Just A General Question, How Do Multiple Programmers Work On The Same App?

Large projects like Microsoft Flight Simulator have multiple teams working on multiple different areas simultaneously. For example, we have a group of devs who are responsible for fixing bugs with the graphics rendering engine while also improving it by adding new features like DX12 and DLSS support. Then there are entirely different teams responsible for other parts of the product like the weather system, the flight model and aerodynamics system, the user interface, avionics, the SDK (tools for 3rd Party devs to make addons/mods), the Marketplace, and so much more. There is very little overlap between work being done by each individual group, so they can typically make changes to their code without impacting the work being done by other teams.
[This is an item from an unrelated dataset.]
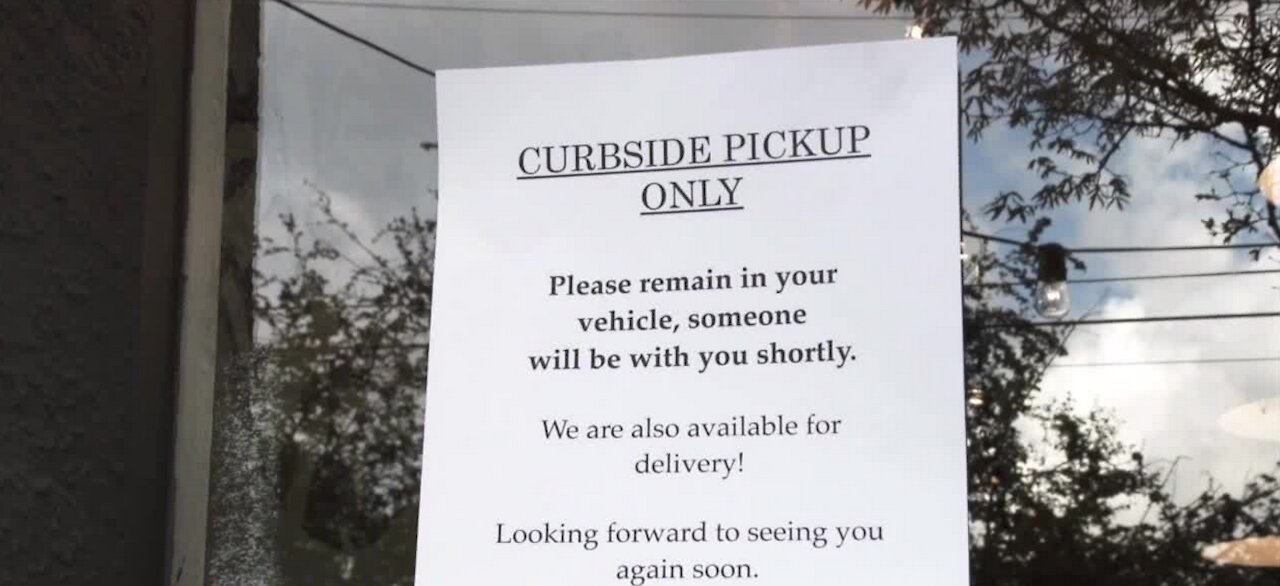 Shopping experts expect curbside pickup options to continue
When preparing for a new build, each team is tasked with meeting certain deliverables and milestones defined by their managers/producers. After a certain point, all code changes are locked and merged into a new build. We then have our internal QA team complete a first pass of testing the new build to make sure there are no critical show-stopping errors, bugs, and other issues that might have cropped up during the code merge. For example, it’s possible that a change the Weather team made could have inadvertently caused a bug to a completely separate change the Flight Model team made. For large builds like a new Sim Update (e.g. the upcoming SU10), we then make it available as an opt-in beta test to any player who would like to assist the devs. The ability of thousands of players each using MSFS in different ways to identify issues obviously exceeds the capacity of our own internal testing team, so these public beta tests are invaluable to the devs.

In the past, we’ve run each beta test for a period of ~2-4 weeks. If you’ve seen any of the recent media interviews with Jorg where he discussed this topic, he mentioned that he wants to lengthen the period new builds are in public testing to give the community more time to identify issues and the dev team more time to resolve them.